Set for release by indie powerhouse A24, Harry Lighton’s “Pillion” features Harry Melling (who played Dudley Dursley in the “Harry Potter” films) as a reclusive shut-in who finds himself after becoming the submissive in a BDSM relationship with a charismatic biker (Alexander Skarsgård). Winner of the Un Certain Regard award for best screenplay, the film uses broad archetypes to craft a raucously entertaining saga that treats queer leather subculture with a matter-of-factness befitting the average heterosexual rom-com. Despite its characters living in the discomforting gray area between consent and begrudging acceptance, it’s a surprising crowd-pleaser.  

Courtesy Cannes Film Festival

“Resurrection” 

The jury awarded “Resurrection,” one of the most esoteric works at Cannes, with a Special Award prize on closing night. A purveyor of “slow cinema” (in the vein of Soviet master Andrei Tarkovsky), Bi Gan’s exuberant, episodic journey employs an abstract sci-fi framework about dreams as rebellion. He crafts images of a kind you likely haven’t seen before, or never thought possible.
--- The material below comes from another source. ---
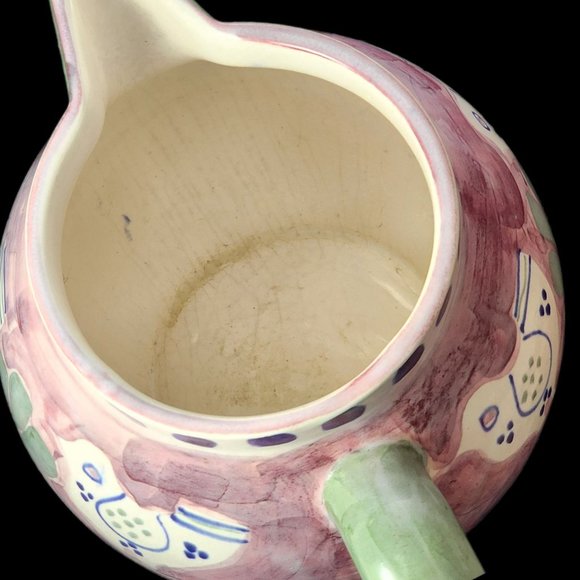 Mexican Pottery Pitcher Water Jug Chicken Bird Necesito Max Mexico Farmhouse 11" - Picture 8 of 8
From head-spinning odes to silent cinema to jaw-dropping, half-hour-long takes rushing through a city at sunrise, the film collapses the history of movies into two-and-a-half hours, while portraying its infinite possibilities. Janus Films has just acquired the North American rights to this Chinese arthouse odyssey. 

“The Secret Agent” 

A Neon-Mubi combination release, “The Secret Agent” unfolds during Brazil’s military dictatorship in the 1970s. Led by Wagner Moura—who was awarded the festival’s best actor trophy alongside Kleber Mendonça Filho’s best director win—the story follows a technology expert reuniting with his toddler son while on the run for mysterious reasons. A tale of dangerous circumstances and secrets that reveal themselves gradually (the premise only becomes clear halfway through the 158-minute runtime), the movie’s rich historical detail and magnetic characters create a vivid sense of time and place, giving rise to an alluring period drama about living under the boot of authority.

“Sentimental Value” 

After his moving millennial drama “The Worst Person in the World” in 2021, Norwegian filmmaker Joachim Trier made a triumphant return with family saga “Sentimental Value,” which won the festival’s Grand Prix. Trier re-teams with actor Renate Reinsve for the story of an Oslo stage performer whose estranged filmmaker father (Stellan Skarsgård) approaches her for an unusual reconciliation: an offer to cast her in a tragic role written with her in mind. Equal parts shattering and soothing, the movie captures the difficult road to healing through generational wounds, and the function of art as a conduit for difficult emotions. The film is set for release by Mubi internationally, and by Neon in North America.

“Sirât” 

The co-recipient of the festival’s Jury Prize alongside “Sound of Falling,” Óliver Laxe’s existential Spanish drama “Sirât” (another Neon-Mubi release) turns a sprawling Moroccan desert into a venue for deep reflections. The narrative follows an elderly father, accompanied by his young son, joining a group of desert ravers to find his teenage daughter as war breaks out across the globe. With foreboding sound design born from bass-heavy techno, and practical filmmaking akin to “Mad Max: Fury Road,” the story takes increasingly absurd and despondent turns, pushing its characters to their breaking points. The film is a meditation on just how much people are willing (or able) to endure when it feels like the end of the world is near.

“Sound of Falling” 

A ghostly tale set in the confines of a German farmhouse, Mascha Schilinski’s Mubi release—the other film awarded this year’s Jury Prize—unfolds over a century and follows the entwined lives of four generations of women and girls, separated by decades. Slipping back and forth in time, the non-linear drama captures family secrets, the evolving social confines of femininity, and the specters of death and depression. While only Schilinski’s second feature, it plays like the seasoned work of a major voice in arthouse cinema, and it’s sure to give willing audiences both a challenging and rewarding experience.